Robustness + review fixes for nightly bench sysroot#677
Conversation
Follow-up review fixes for the nightly-bench-sysroot change. - prepare-sysroot/prepare-test-data: a failed `curl` was `;`-separated with no `set -e`, so it fell through to `tar` and could extract a stale tarball from the fixed /tmp path and exit 0 (reproduced). Add `set -e`, remove any pre-existing tarball before downloading, and make the download explicitly fatal. Apply the same hardening to prepare-test-data (same download-fall-through class). - Hardening: `curl --proto '=https'` (no http downgrade on redirect) and `tar --no-same-owner` on extraction (matters in the sudo/root branch). - `rm` -> `rm -f` for the success-path tarball cleanup; drop the now-stale "rm only runs on success" note. - Workflow comment: the sysroot is not `actions/cache`-cached; it persists because the runner filesystem is persistent. Reword to avoid implying a cache mechanism. - Use ASCII `-` instead of an em-dash in the `::error::` output. - README: lead with the recommended user-writable (no-sudo) sysroot path.
Codex Code ReviewNo issues found in the PR diff. The changes are limited to Makefile provisioning hardening, CI text/comment updates, and README command ordering. I didn’t see introduced security vulnerabilities, behavioral bugs, or significant performance concerns. |
Code ReviewOverall: Correct fix for the stale-tarball silent-success bug. Logic is sound, hardening additions are appropriate. What's good
FindingsLow — no tarball integrity check (pre-existing, acknowledged in PR body)
Informational —
Informational — Two concurrent No blocking issues. The fix is correct and the hardening is proportionate. |
Addresses review feedback on #677: document that the fixed /tmp tarball path assumes one writer at a time, so a future CI topology change that shares a runner across concurrent jobs doesn't reintroduce a race silently.
|
Thanks for the review. Addressing the three points:
|
Follow-up review fixes layered on top of #675 (targets
fix/nightly-bench-sysroot, notmain). Found via a multi-agent review of #675; the headline bug was reproduced against the real recipe.Fixed
1. Failed download was not fatal — could silently extract a stale sysroot (Medium, reproduced)

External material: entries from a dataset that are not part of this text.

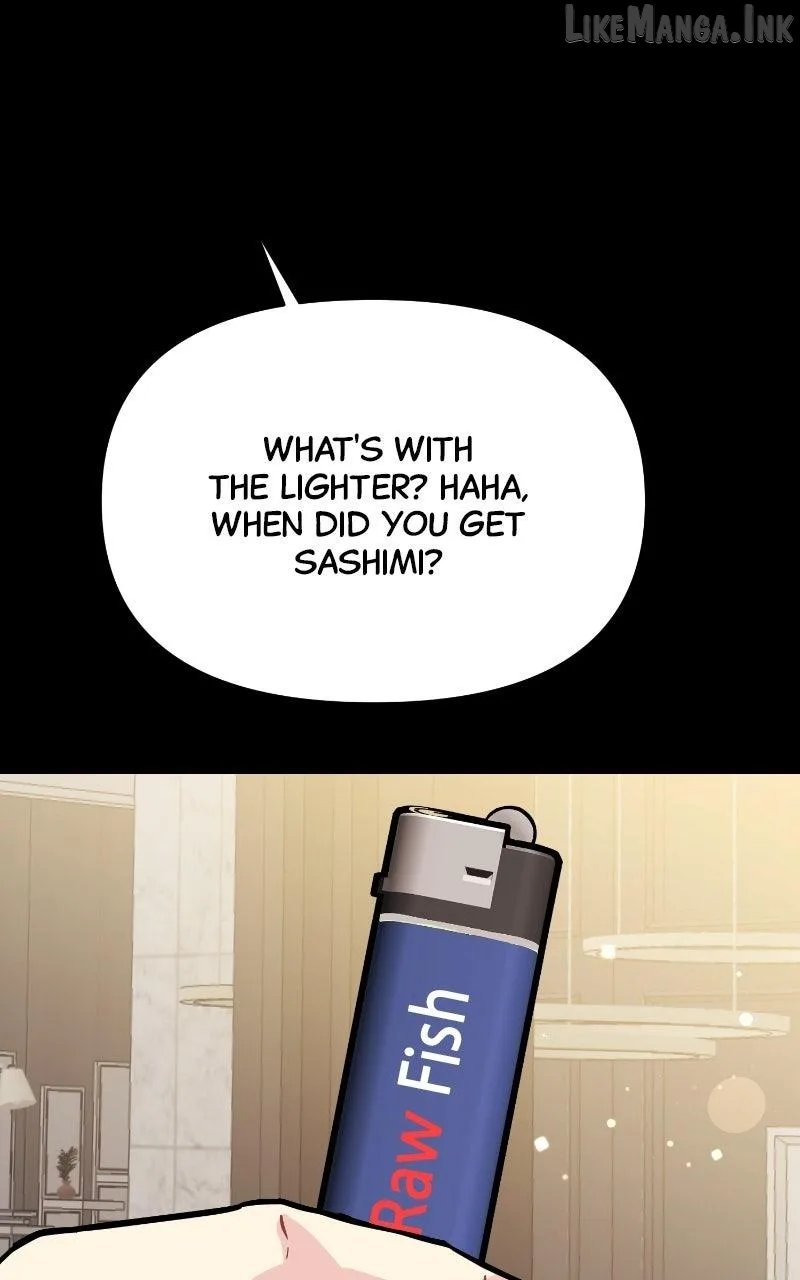 Watch Out For Look-alikes Chapter 27 page 79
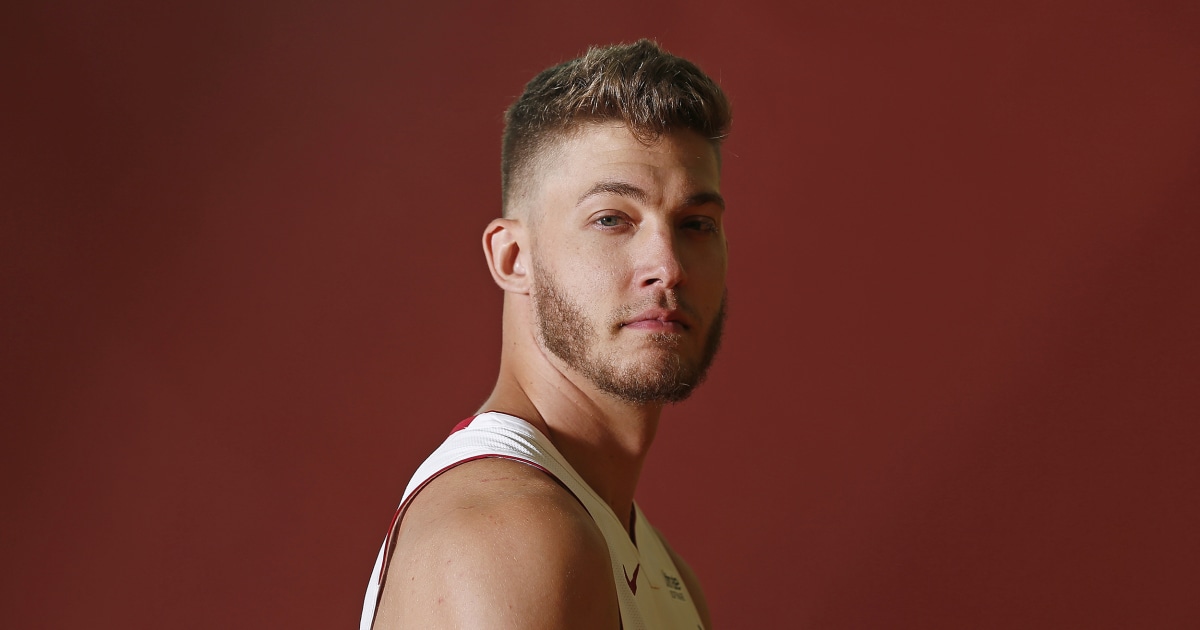 Miami Heat’s Meyers Leonard suspended and fined $ 50,000 for using anti-Semitic slander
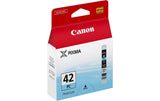 Tinte Canon CLI-42PC photo cyan, 13ml
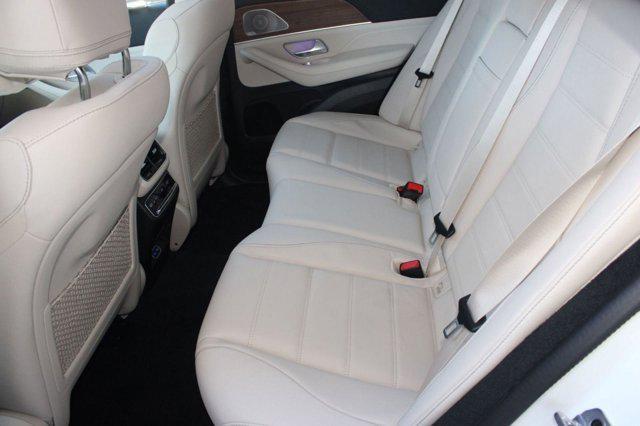 new 2026 Mercedes-Benz GLE 450 car, priced at $93,030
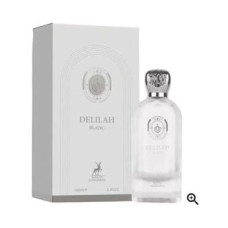 Delilah Blanc Maison Alhambra Feminino Eau de Parfum 100ml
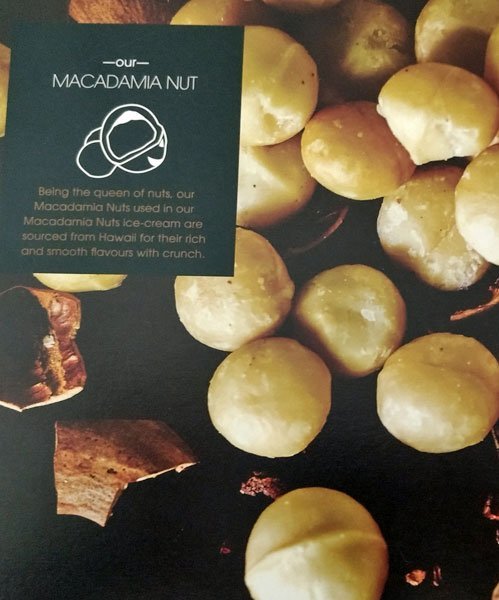 Haagen Dazs - Nungambakkam - Chennai image 1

prepare-sysroot's recipe had noset -e, and thecurl -fL … -o "$(SYSROOT_TARBALL)"line ended with;instead of being chained into the extraction. So whencurlfailed, control fell through to thetarstep.tarchokes on the missing/partial tarball and the|| { … exit 1; }handler aborts — but with a misleading "Extracting…" message.SYSROOT_TARBALLis a fixed/tmppath. If a tarball is already there (left by an interrupted prior run, since the success-pathrmnever executed), a failedcurlfalls through,tarextracts the stale tarball, andmakeexits 0. The next run then seesinclude/stdlib.hand treats the sysroot as complete.Repro before the fix (connection-failing URL + pre-existing tarball):
makereturned 0 and provisioned a stale sysroot. After the fix:makeaborts (exit 2), no sysroot is created, and the stale tarball is removed.Fix: add
set -e,rm -f "$(SYSROOT_TARBALL)"before downloading (kills the stale-tarball case and the predictable-path reuse), and make the download explicitly fatal (curl … || { rm -f …; exit 1; }). Same fix applied toprepare-test-data, which had the identical download-fall-through pattern.2. Download/extraction hardening (defense-in-depth)
curl --proto '=https'—-Lfollows redirects; this prevents a redirect from downgrading to plainhttp.tar … --no-same-owner— relevant in thesudo(root) extraction branch so archive-specified ownership isn't restored.3. Comment / doc fixes
bench-vs-nightly.yml: the comment claimed the sysroot "is cached in$HOMEacross nightly runs," but there is noactions/cachestep — it persists only because the self-hosted runner's filesystem is persistent. Reworded so it doesn't imply a cache key/restore mechanism.# Note: the tarball rm above only runs on success…comment (no longer accurate after adding the pre-downloadrm -fand switching the finalrmtorm -f).rm→rm -ffor the success-path tarball cleanup (consistent with the error handlers; won't error if already gone).-instead of an em-dash in the::error::output (greppability / repo consistency).SYSROOT_DIR=$HOME/...invocation instead of the/opt+ sudo one.Verified
curl+ pre-existing tarball →makeexits non-zero, no sysroot created, stale tarball removed (was exit 0 before).SYSROOT_URL→ exit 0,include/stdlib.h+lib/present, tarball cleaned up.Considered but intentionally not changed
rm -rf+ extract: safe within a singlemake -j(Make builds the sharedprepare-sysrootprereq once); only at risk if two separatemakeprocesses share oneSYSROOT_DIR, which the current CI does not do. Not worth the complexity.lib/*.a): skipped to avoid hard-coding a library filename that could be wrong and cause endless re-provisioning. Theinclude/stdlib.hcheck already fixes the reported failure.infra/provision.shprovisions a complete/optsysroot, which appears to contradict the Fix/nightly bench sysroot #675 root-cause note ("never fully provisioned"). Left for the author to reconcile — changing the provisioner needs knowledge of how the bench runner is actually set up.